§ **Input data**

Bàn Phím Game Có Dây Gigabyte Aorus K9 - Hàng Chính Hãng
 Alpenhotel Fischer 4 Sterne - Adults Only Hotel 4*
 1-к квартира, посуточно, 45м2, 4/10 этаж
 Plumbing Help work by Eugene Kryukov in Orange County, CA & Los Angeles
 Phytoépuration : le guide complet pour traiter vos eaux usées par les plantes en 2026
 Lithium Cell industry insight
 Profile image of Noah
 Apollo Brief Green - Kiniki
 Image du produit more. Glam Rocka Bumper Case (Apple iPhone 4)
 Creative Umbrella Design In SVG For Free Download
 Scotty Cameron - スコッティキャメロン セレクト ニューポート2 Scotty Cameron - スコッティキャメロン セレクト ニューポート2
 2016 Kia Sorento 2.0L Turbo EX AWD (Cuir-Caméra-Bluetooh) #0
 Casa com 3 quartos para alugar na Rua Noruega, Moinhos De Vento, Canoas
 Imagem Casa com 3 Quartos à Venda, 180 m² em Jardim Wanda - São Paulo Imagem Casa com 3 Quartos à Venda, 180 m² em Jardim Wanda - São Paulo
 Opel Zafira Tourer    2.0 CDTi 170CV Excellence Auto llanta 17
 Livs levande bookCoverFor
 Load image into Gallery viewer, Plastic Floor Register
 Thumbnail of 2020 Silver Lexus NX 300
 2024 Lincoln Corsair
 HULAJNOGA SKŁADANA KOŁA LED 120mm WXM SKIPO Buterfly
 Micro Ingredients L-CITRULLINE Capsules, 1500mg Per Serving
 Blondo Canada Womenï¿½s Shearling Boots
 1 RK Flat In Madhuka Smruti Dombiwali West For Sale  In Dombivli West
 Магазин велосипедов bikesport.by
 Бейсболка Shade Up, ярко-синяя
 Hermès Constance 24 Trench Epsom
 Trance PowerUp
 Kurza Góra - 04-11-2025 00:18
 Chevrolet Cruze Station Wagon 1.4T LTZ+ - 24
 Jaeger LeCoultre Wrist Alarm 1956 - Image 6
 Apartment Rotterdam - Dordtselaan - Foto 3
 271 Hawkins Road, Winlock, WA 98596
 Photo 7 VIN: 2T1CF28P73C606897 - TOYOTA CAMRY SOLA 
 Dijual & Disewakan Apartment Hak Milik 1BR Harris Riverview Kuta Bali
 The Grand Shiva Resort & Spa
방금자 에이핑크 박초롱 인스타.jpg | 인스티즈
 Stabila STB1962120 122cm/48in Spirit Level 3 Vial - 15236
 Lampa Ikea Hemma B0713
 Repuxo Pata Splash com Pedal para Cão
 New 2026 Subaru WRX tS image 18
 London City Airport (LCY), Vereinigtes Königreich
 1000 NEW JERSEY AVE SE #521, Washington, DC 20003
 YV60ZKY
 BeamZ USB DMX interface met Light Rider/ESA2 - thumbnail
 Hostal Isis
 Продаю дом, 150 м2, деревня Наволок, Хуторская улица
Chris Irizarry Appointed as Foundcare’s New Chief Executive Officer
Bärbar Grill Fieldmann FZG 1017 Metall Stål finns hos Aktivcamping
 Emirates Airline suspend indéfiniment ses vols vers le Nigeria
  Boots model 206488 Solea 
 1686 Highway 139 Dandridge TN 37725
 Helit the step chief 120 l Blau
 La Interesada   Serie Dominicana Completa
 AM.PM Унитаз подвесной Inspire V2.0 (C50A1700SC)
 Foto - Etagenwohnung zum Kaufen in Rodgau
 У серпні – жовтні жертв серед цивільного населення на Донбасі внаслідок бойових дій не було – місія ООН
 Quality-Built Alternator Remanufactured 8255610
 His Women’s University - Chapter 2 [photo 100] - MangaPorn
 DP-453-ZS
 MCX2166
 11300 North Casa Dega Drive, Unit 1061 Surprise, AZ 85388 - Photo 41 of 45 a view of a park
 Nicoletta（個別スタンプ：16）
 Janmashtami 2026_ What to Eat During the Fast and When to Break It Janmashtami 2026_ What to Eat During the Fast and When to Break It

§ **What the task asks**
The complete listing is needed again, with each line reproduced exactly.

§ **Written solution**
Bàn Phím Game Có Dây Gigabyte Aorus K9 - Hàng Chính Hãng
 Alpenhotel Fischer 4 Sterne - Adults Only Hotel 4*
 1-к квартира, посуточно, 45м2, 4/10 этаж
 Plumbing Help work by Eugene Kryukov in Orange County, CA & Los Angeles
 Phytoépuration : le guide complet pour traiter vos eaux usées par les plantes en 2026
 Lithium Cell industry insight
 Profile image of Noah
 Apollo Brief Green - Kiniki
 Image du produit more. Glam Rocka Bumper Case (Apple iPhone 4)
 Creative Umbrella Design In SVG For Free Download
 Scotty Cameron - スコッティキャメロン セレクト ニューポート2 Scotty Cameron - スコッティキャメロン セレクト ニューポート2
 2016 Kia Sorento 2.0L Turbo EX AWD (Cuir-Caméra-Bluetooh) #0
 Casa com 3 quartos para alugar na Rua Noruega, Moinhos De Vento, Canoas
 Imagem Casa com 3 Quartos à Venda, 180 m² em Jardim Wanda - São Paulo Imagem Casa com 3 Quartos à Venda, 180 m² em Jardim Wanda - São Paulo
 Opel Zafira Tourer    2.0 CDTi 170CV Excellence Auto llanta 17
 Livs levande bookCoverFor
 Load image into Gallery viewer, Plastic Floor Register
 Thumbnail of 2020 Silver Lexus NX 300
 2024 Lincoln Corsair
 HULAJNOGA SKŁADANA KOŁA LED 120mm WXM SKIPO Buterfly
 Micro Ingredients L-CITRULLINE Capsules, 1500mg Per Serving
 Blondo Canada Womenï¿½s Shearling Boots
 1 RK Flat In Madhuka Smruti Dombiwali West For Sale  In Dombivli West
 Магазин велосипедов bikesport.by
 Бейсболка Shade Up, ярко-синяя
 Hermès Constance 24 Trench Epsom
 Trance PowerUp
 Kurza Góra - 04-11-2025 00:18
 Chevrolet Cruze Station Wagon 1.4T LTZ+ - 24
 Jaeger LeCoultre Wrist Alarm 1956 - Image 6
 Apartment Rotterdam - Dordtselaan - Foto 3
 271 Hawkins Road, Winlock, WA 98596
 Photo 7 VIN: 2T1CF28P73C606897 - TOYOTA CAMRY SOLA 
 Dijual & Disewakan Apartment Hak Milik 1BR Harris Riverview Kuta Bali
 The Grand Shiva Resort & Spa
방금자 에이핑크 박초롱 인스타.jpg | 인스티즈
 Stabila STB1962120 122cm/48in Spirit Level 3 Vial - 15236
 Lampa Ikea Hemma B0713
 Repuxo Pata Splash com Pedal para Cão
 New 2026 Subaru WRX tS image 18
 London City Airport (LCY), Vereinigtes Königreich
 1000 NEW JERSEY AVE SE #521, Washington, DC 20003
 YV60ZKY
 BeamZ USB DMX interface met Light Rider/ESA2 - thumbnail
 Hostal Isis
 Продаю дом, 150 м2, деревня Наволок, Хуторская улица
Chris Irizarry Appointed as Foundcare’s New Chief Executive Officer
Bärbar Grill Fieldmann FZG 1017 Metall Stål finns hos Aktivcamping
 Emirates Airline suspend indéfiniment ses vols vers le Nigeria
  Boots model 206488 Solea 
 1686 Highway 139 Dandridge TN 37725
 Helit the step chief 120 l Blau
 La Interesada   Serie Dominicana Completa
 AM.PM Унитаз подвесной Inspire V2.0 (C50A1700SC)
 Foto - Etagenwohnung zum Kaufen in Rodgau
 У серпні – жовтні жертв серед цивільного населення на Донбасі внаслідок бойових дій не було – місія ООН
 Quality-Built Alternator Remanufactured 8255610
 His Women’s University - Chapter 2 [photo 100] - MangaPorn
 DP-453-ZS
 MCX2166
 11300 North Casa Dega Drive, Unit 1061 Surprise, AZ 85388 - Photo 41 of 45 a view of a park
 Nicoletta（個別スタンプ：16）
 Janmashtami 2026_ What to Eat During the Fast and When to Break It Janmashtami 2026_ What to Eat During the Fast and When to Break It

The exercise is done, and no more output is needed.